When I first launched my website, I went through all of the settings in the backend of the site to hopefully optimise my content in the best way possible. one setting I came across was “Accelerated Mobile Pages (AMP)” - my first question was, what are AMP blog posts and do I need them?

What Are Accelerated Mobile Pages (AMP)?

As you can probably tell by the name, AMP is a way of minimising your blog post so that your website can load faster on a mobile device. It also allows your posts to appear on Google as “Top Stories”, featuring your thumbnail image and headline - perfect. This sounded great to me and I instantly enabled this setting, didn’t think much about it after that.

AMP Blog Post Pros

Before I discuss why I disabled AMP, I wanted to cover the pros, because there are a good few!

Sitespeed

Obviously we all know that site speed is super important. Enabling AMP on your site allows you to accelerate the speed at which you pages load on mobile, and since many of us use mobiles, this is a huge factor.

Visibility

We all google on our phone, and enabling AMP content on your website means you may show up higher in mobile based searches. Google prioritises AMP posts, often featuring them in Top Stories with a thumbnail and heading - making it easier for the browser to find what they need.

User Experience

Nobody likes a slow loading site, especially on mobile. The benefit of a faster loading site is not only functionally great, but it’s great in terms of how your visitors are interacting with your content.

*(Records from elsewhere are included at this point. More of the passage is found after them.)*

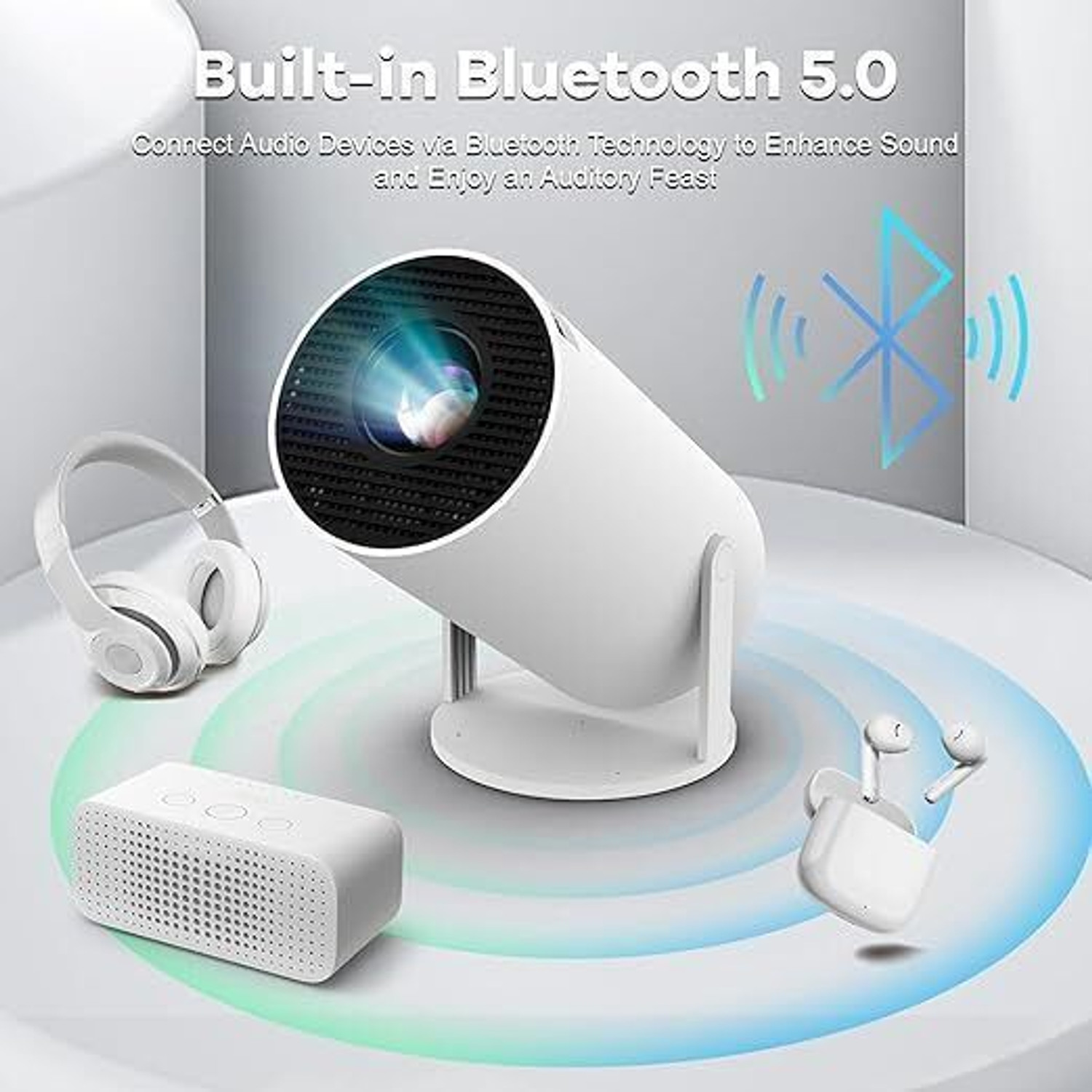 Image of Steepify Smart Mini Projector | Native 720P HD | 4K Support | WiFi 6 & Bluetooth 5.0 (4500 lm / 1 Speaker / Wireless / Remote Controller) Portable Projector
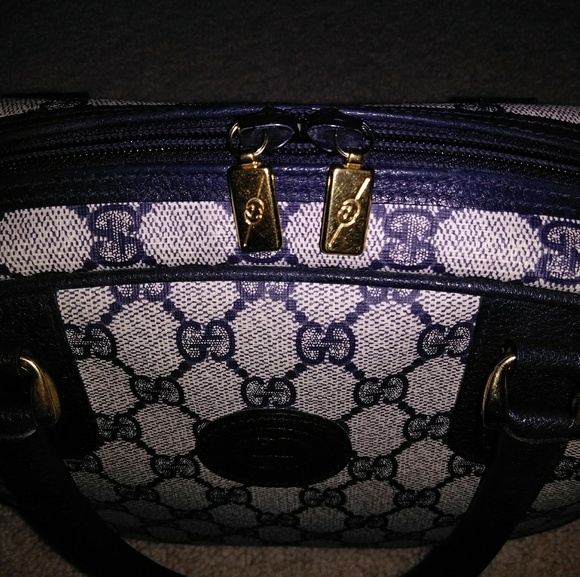VTG Gucci Monogram Purse Blue - Picture 7 of 8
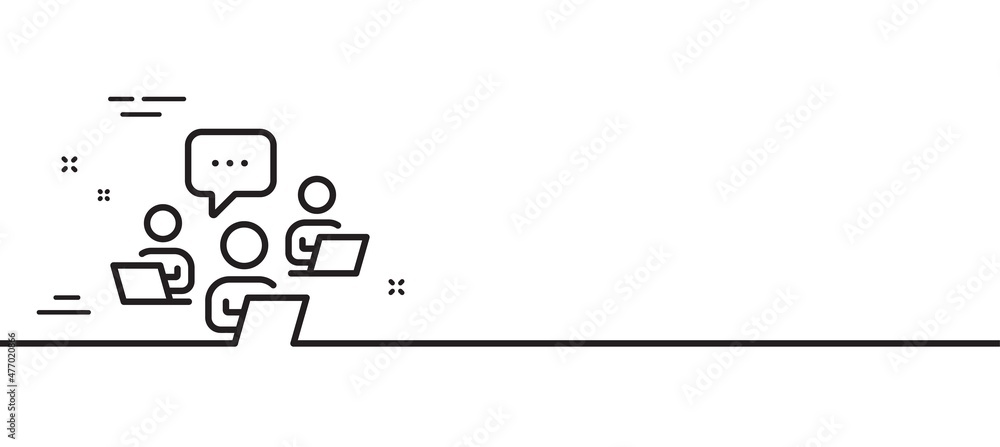 Poster teamwork line icon. remote office sign. team employees symbol. minimal line illustration background.
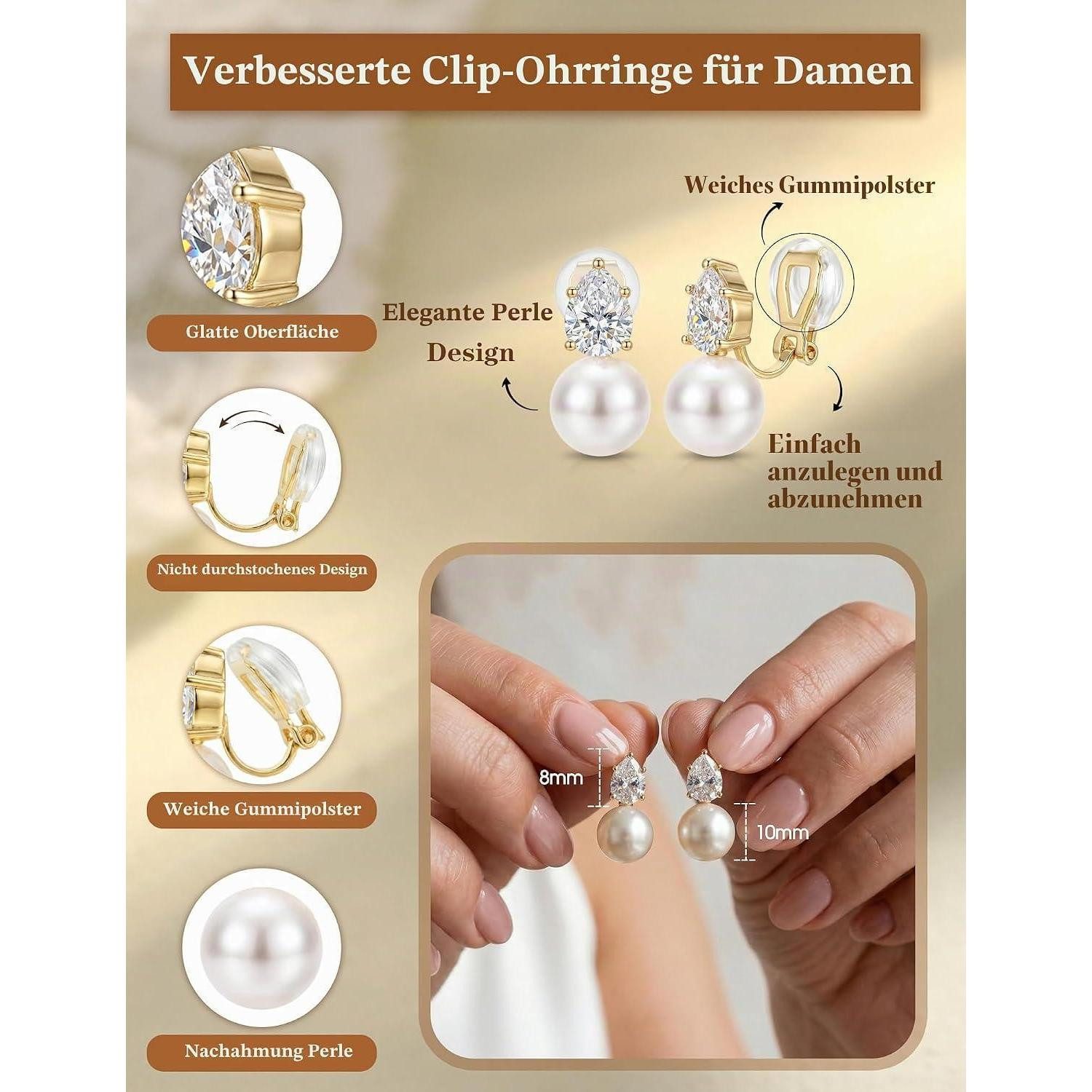 LuxusKollektion Ohrclip-Set Ohrclips Damen Gold Perlen Zirkonia ohne Ohrlöcher – Bild 2 von 5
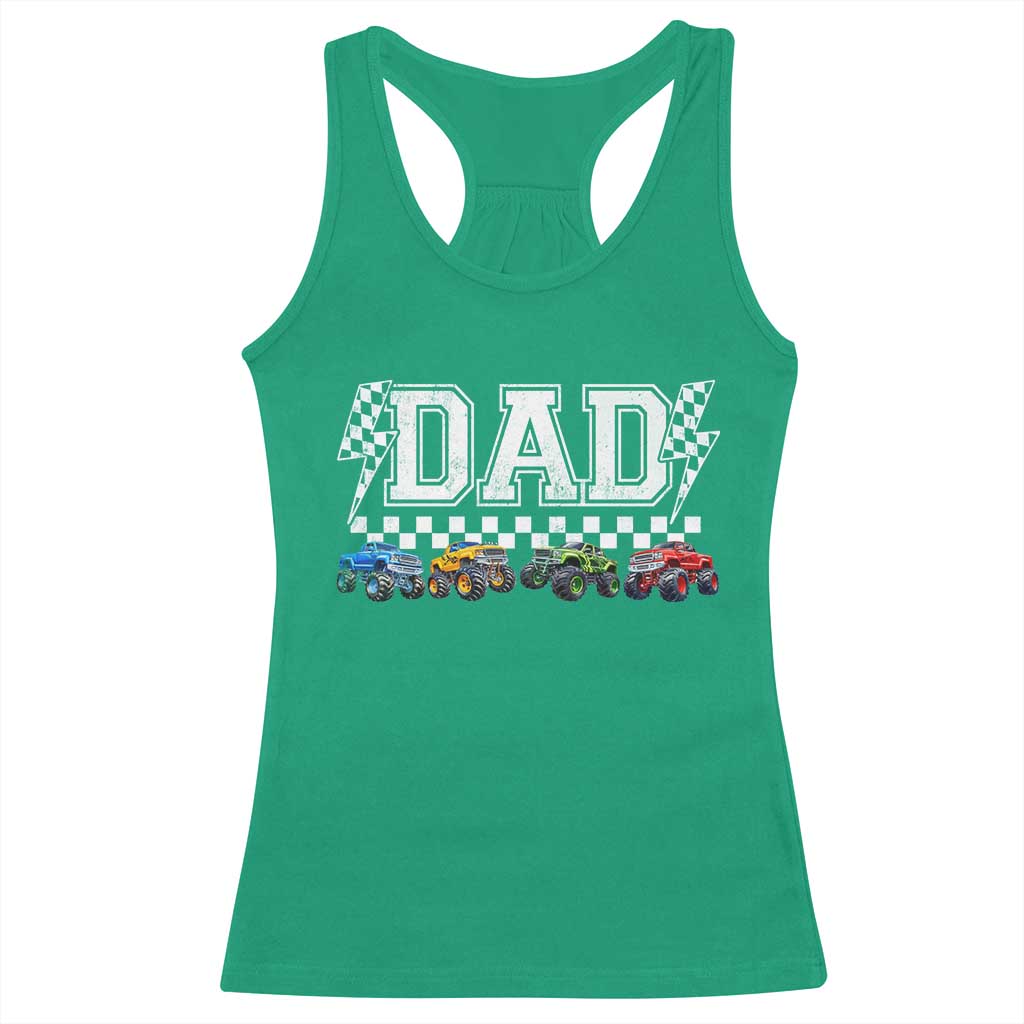 Monster Truck Dad Racerback Tank Top Funny Truck Daddy Checkered Father's Day TS11 Irish Green Print Your Wear
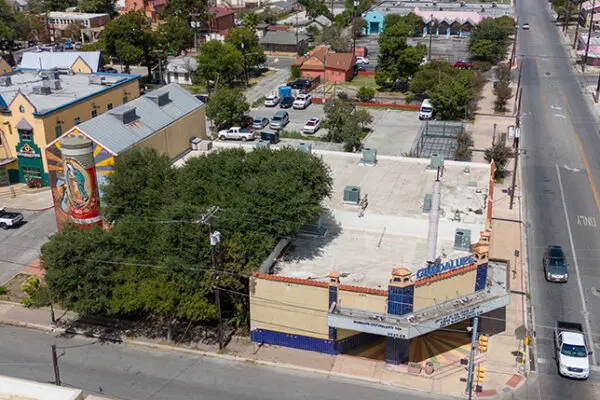 An aerial photograph of the Guadalupe Cultural Arts Center.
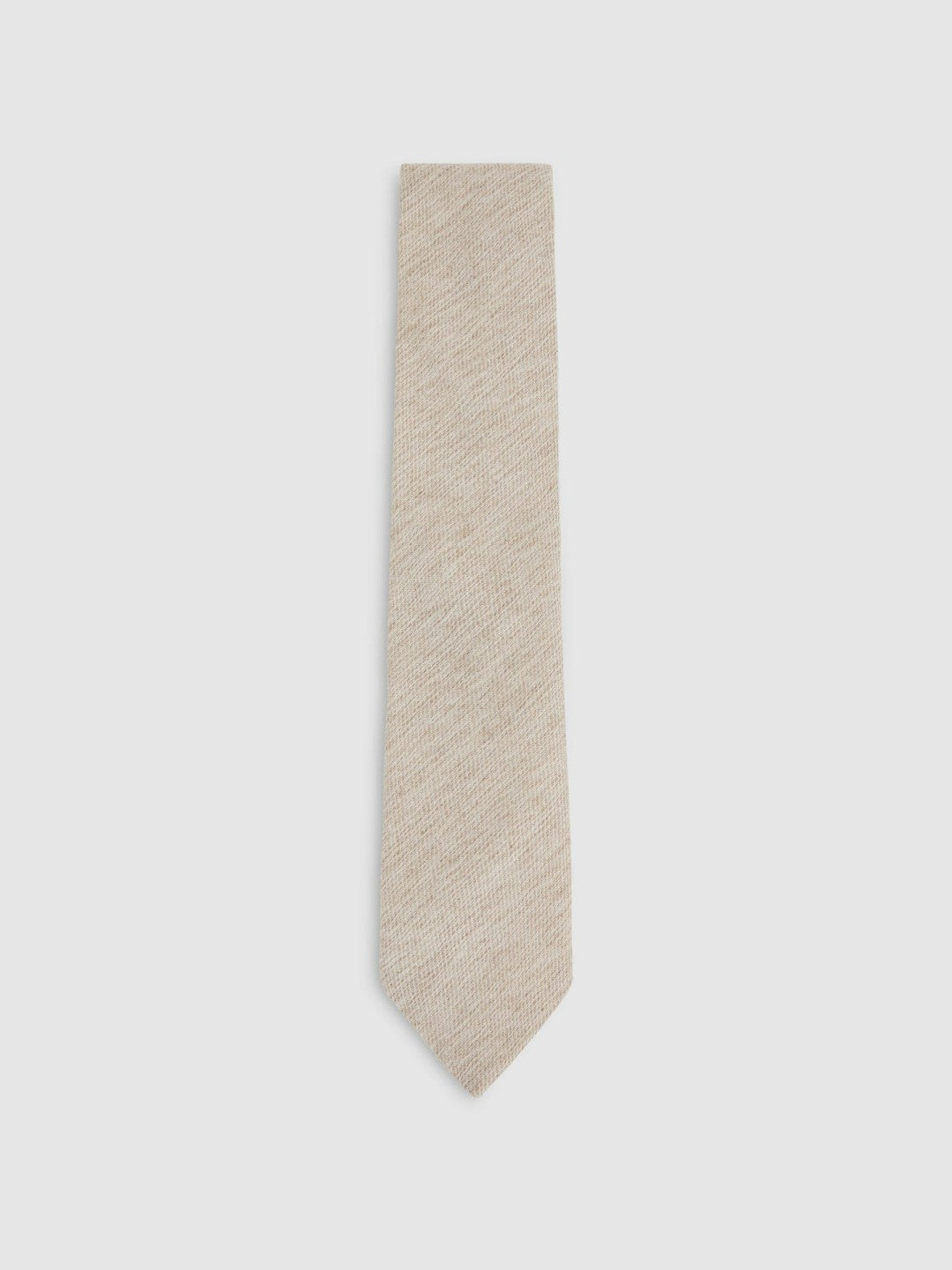 Wool-Silk Textured Tie Oatmeal | Mens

Why I Disabled AMP Blog Posts

Now, here’s the catch. These aren’t biggies to everyone, but for me, they are really important factors. Here are some of the reasons I disabled AMP blog posts.

No Branding

Enabling AMP blog posts will clear your site of any branding, fonts, colours, backgrounds, headings and more. This means, you will see a minimal version of your blog post in a standardised format - oh, and did I mention the whole post is written in Muli? This is huge for me, as a branding and website designer,

Thumbnail Placement

Normally, your post thumbnails aren’t displayed in a post. They are used when sharing on social media or maybe they pull through on your blog landing page. With AMP enabled, your thumbnails will be displayed at the top of the post.

No Menu

I love that blog posts can be helpful to readers but also great as a means of increasing traffic to your site. AMP doesn’t show your menu, meaning readers can read the post and leave your site without exploring your services, contact page and so on. This was a big con for me as I want my visitors to be able to explore my site, read other posts, reach out to work with me.

Disabled Blocks

I use code blocks, button blocks and more throughout my posts to add various features such as sign up forms, CTA’s, no follow links and more. AMP doesn’t show all of the Squarespace blocks which makes it harder for my audience to convert.


Conclusion

All in all, whether you enable AMP or not will depend on your marketing approach and what’s important to your business. Yes, there are pros but for me, they don’t outweigh the cons - branding, menus and more are key to my marketing efforts and so I am not willing to loose them for site speed and higher google search ranking (most of my traffic comes from Pinterest so this isn’t a biggie for me anyway).

I manually optimise my posts for SEO and so I don’t feel too bad about this decision, I just can’t sacrifice the aspects of my site that ultimately send business my way!